At oral argument, the city's attorney responded as follows when
asked whether there was standing to challenge the civil disability
provisions: "I believe that there are one or two of the Petitioners
that have had their licenses denied based on criminal conviction."
Tr. of Oral Arg. 32.
See also Foster Affidavit, 1
(affidavit filed by the city in its Response to Petitioner's
Application for Recall and Stay of the Mandate stating that two
licenses were
revoked on the grounds of a prior conviction
since the ordinance went into effect, but failing to identify the
licensees). We do not rely on the city's representations at
argument, as "the necessary factual predicate may not be gleaned
from the briefs and arguments themselves,"
Bender, supra,
475 U.S. at
475 U. S. 547.
And we may not rely on the city's affidavit, because it is evidence
first introduced to this Court and "is not in the record of the
proceedings below,"
Adickes v. S.H. Kress & Co.,
398 U. S. 144,
398 U. S. 157,
n. 16 (1970). Even if we could take into account the facts as
alleged in the city's affidavit, it fails to identify the
individuals whose licenses were revoked and, therefore, falls short
of establishing that any petitioner before this Court has had a
license revoked under the civil disability provisions.
Because we conclude that no petitioner has shown standing to
challenge either the civil disability provisions or the provisions
involving those who live with individuals whose licenses have been
denied or revoked, we conclude that the courts below lacked
jurisdiction to adjudicate petitioners' claims with respect to
those provisions. We accordingly vacate the judgment of the Court
of Appeals with respect to those provisions with directions to
dismiss that portion of the action.
See Bender, supra, 475
U.S. at
475 U. S. 549
(vacating judgment below on
Page 493 U. S. 236
ground of lack of standing);
McNutt, 298 U.S. at
298 U. S. 190
(same). [
Footnote 3]
IV
The motel owner petitioners challenge two aspects of the
ordinance's requirement that motels that rent rooms for less than
10 hours are sexually oriented businesses and are, therefore,
regulated under the ordinance.
See § 41A-18(a).
First, they contend that the city had an insufficient factual basis
on which to conclude that rental of motel rooms for less than 10
hours produced adverse impacts. Second, they contend that the
ordinance violates privacy rights, especially the right to intimate
association.
With respect to the first contention, the motel owners assert
that the city has violated the Due Process Clause by failing to
produce adequate support for its supposition that renting rooms for
less than 10 hours results in increased crime or other secondary
effects. They contend that the council had before it only a 1977
study by the city of Los Angeles that considered cursorily the
effect of adult motels on surrounding neighborhoods.
See
Defendant's Motion for Summary Judgment, Vol. 2, Exh. 11. The Court
of Appeals thought it reasonable to believe that shorter rental
time periods indicate that the motels foster prostitution and that
this type of criminal activity is what the ordinance seeks to
suppress.
See 837 F.2d at 1304. Therefore, no more
extensive studies were required than those already available. We
agree with the Court of Appeals that the reasonableness of the
legislative judgment, combined with the Los Angeles study, is
adequate to support the city's determination that motels permitting
room rentals for less than 10 hours should be included within the
licensing scheme.
Page 493 U. S. 237
The motel owners also assert that the 10-hour limitation on the
rental of motel rooms places an unconstitutional burden on the
right to freedom of association recognized in
Roberts v. United
States Jaycees, 468 U. S. 609,
468 U. S. 618
(1984) ("Bill of Rights . . . must afford the formation and
preservation of certain kinds of highly personal relationships").

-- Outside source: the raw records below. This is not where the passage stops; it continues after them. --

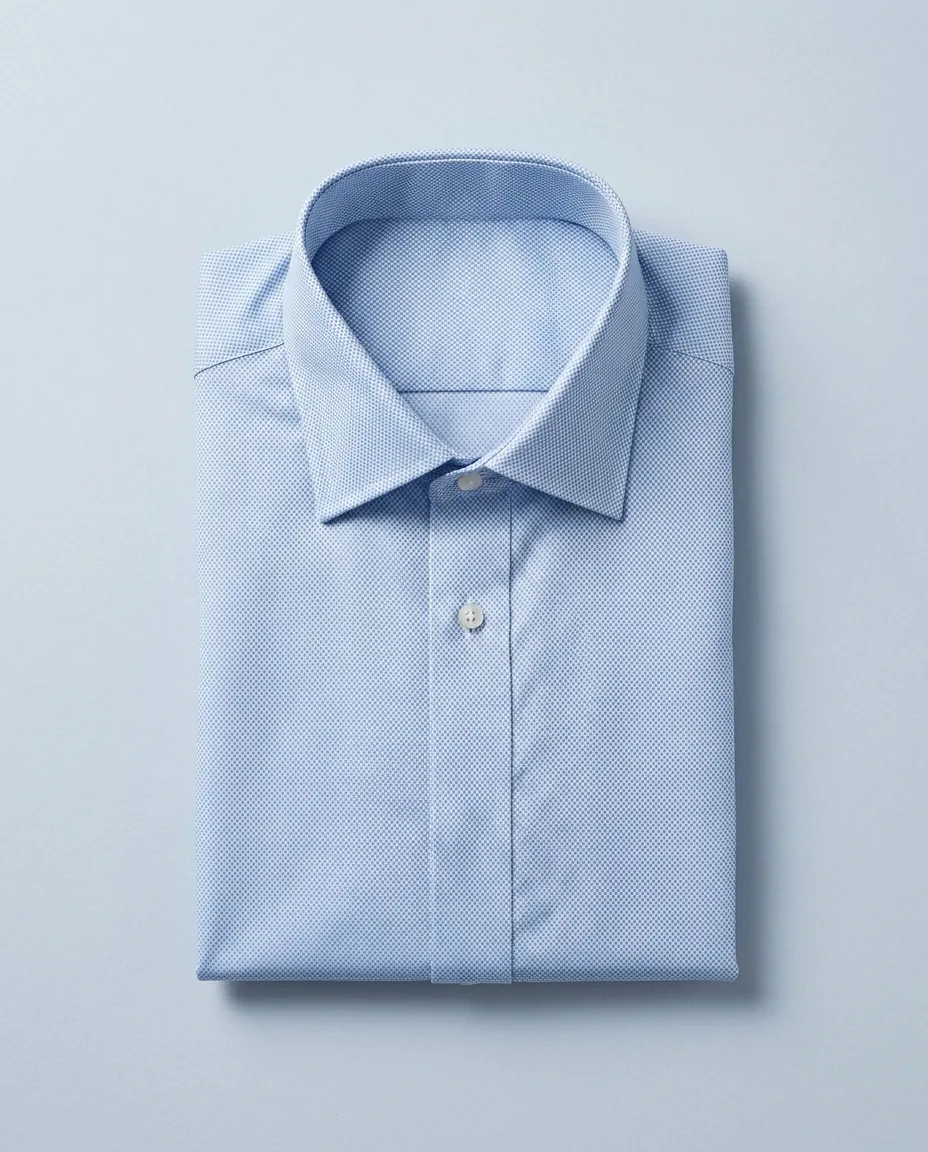 Dobby Dot Shirt, Light blue, folded
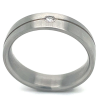 Stalen ring met diamant en een graveerlijn maat 54 - 53295 Stalen ring met diamant en een graveerlijn maat 54 - 53295
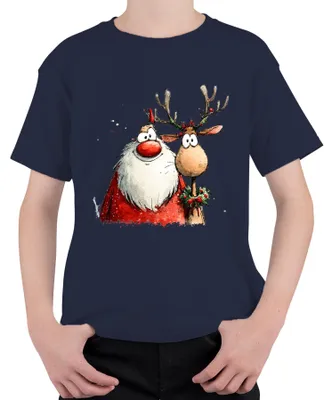 Produktbild von Weihnachtsmann Rentier Cartoon Aquarell lustig Geschenk Retro Kinder T-Shirt, Navy, 128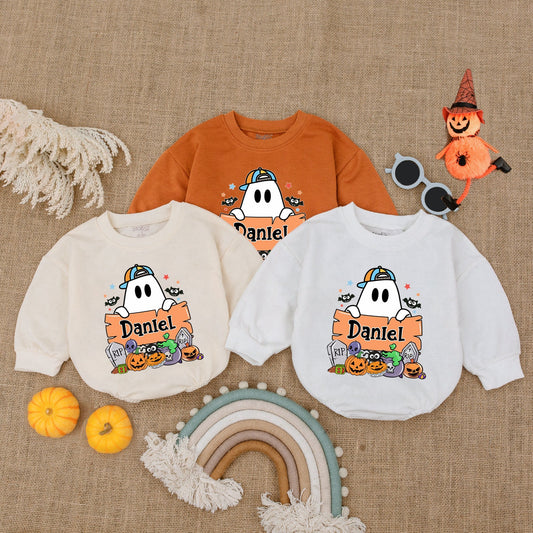 Personalized Boo Halloween Romper, My First Halloween Baby Outfit, Cute Ghost Design, Baby Boy/Girl Bubble Romper, Gift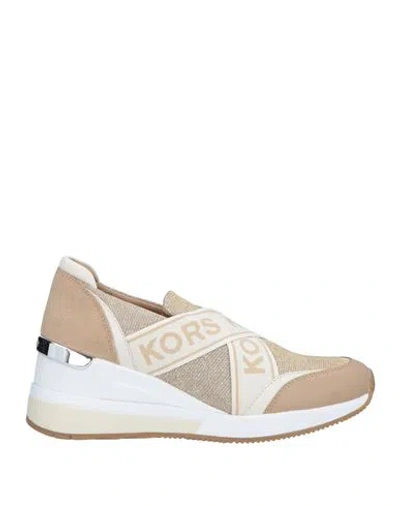 Michael Michael Kors Woman Sneakers Sand Size 8 Leather, Textile Fibers In Neutral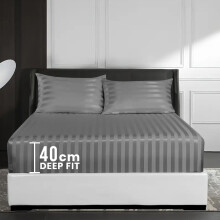 (Double Bed Sheet, Grey- Stripe Bed Sheet 40cm) Extra Deep Fitted Sheet 40cm Stripe Bedsheet UK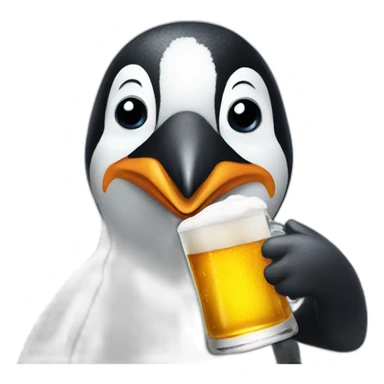 Penguin drinking beer sticker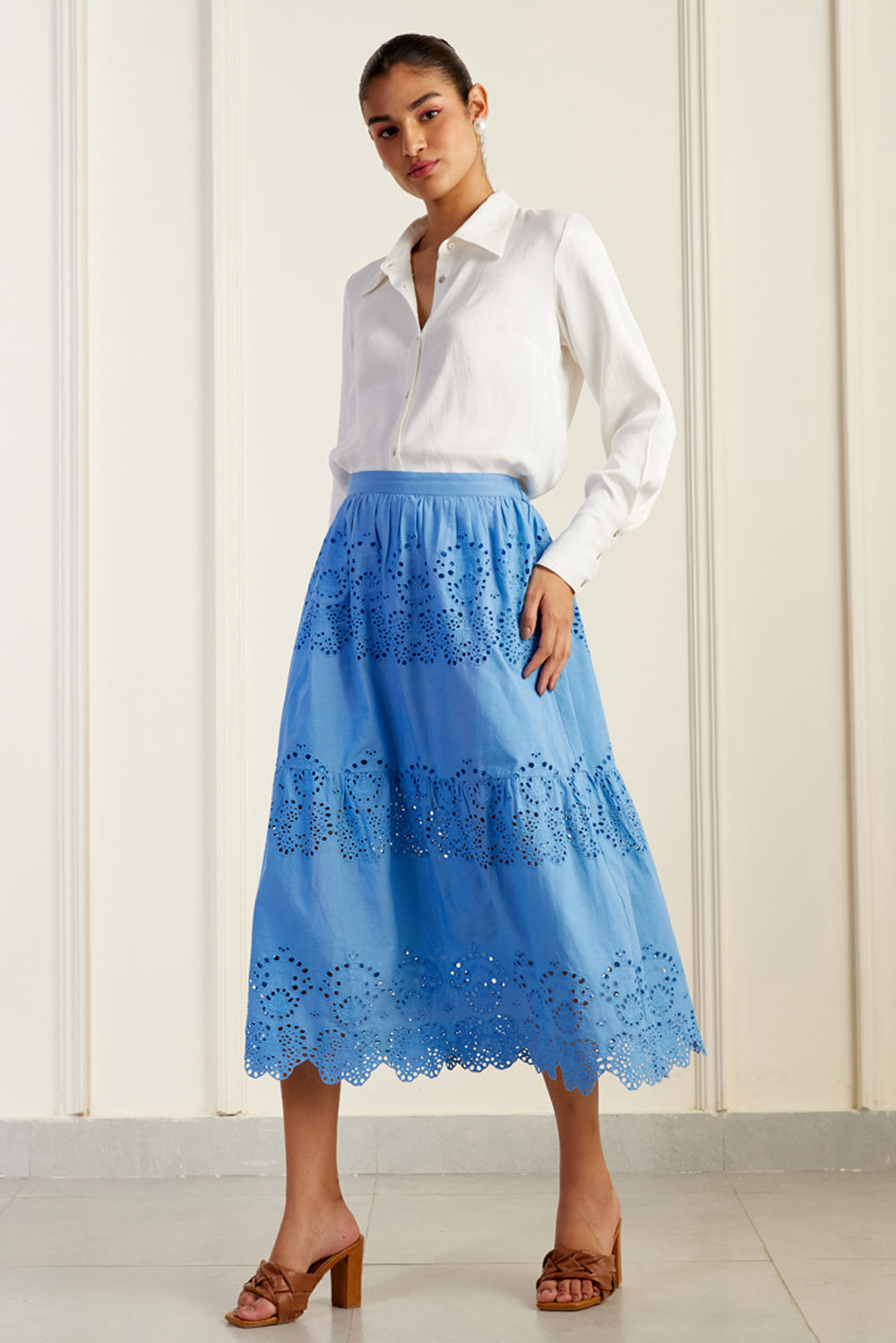 Ascot Bleu Embroidered Midi Skirt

The city does not challenge the motel owners' standing to raise the
issue whether the associational rights of their motel patrons have
been violated. There can be little question that the motel owners
have "a live controversy against enforcement of the statute" and,
therefore, that they have Art. III standing.
Craig v.
Boren, 429 U. S. 190,
429 U. S. 192
(1976). It is not clear, however, whether they have prudential,
jus tertii standing to challenge the ordinance on the
ground that the ordinance infringes the associational rights of
their motel patrons.
Id. at
429 U. S. 193.
But even if the motel owners have such standing, we do not believe
that limiting motel room rentals to 10 hours will have any
discernible effect on the sorts of traditional personal bonds to
which we referred in
Roberts. Any "personal bonds" that
are formed from the use of a motel room for less than 10 hours are
not those that have "played a critical role in the culture and
traditions of the Nation by cultivating and transmitting shared
ideals and beliefs." 468 U.S. at
468 U. S.
618-619. We therefore reject the motel owners' challenge
to the ordinance.
Finally, the motel owners challenge the regulations on the
ground that they violate the constitutional right "to be let
alone,"
Olmstead v. United States, 277 U.
S. 438,
277 U. S. 478
(1928) (Brandeis, J., dissenting), and that the ordinance infringes
the motel owners' commercial speech rights. Because these issues
were not pressed or passed upon below, we decline to consider them.
See, e.g., Rogers v. Lodge, 458 U.
S. 613,
458 U. S. 628,
n. 10 (1982);
FTC v. Grolier Inc., 462 U. S.
19,
462 U. S. 23, n.
6 (1983).
Page 493 U. S. 238
Accordingly, the judgment below is affirmed in part, reversed in
part, and vacated in part, and the cases are remanded for further
proceedings consistent with this opinion.
It is so ordered.
[
Footnote 1]
Section 41-5(a)(5) provides as follows:
"The chief of police shall approve the issuance of a license . .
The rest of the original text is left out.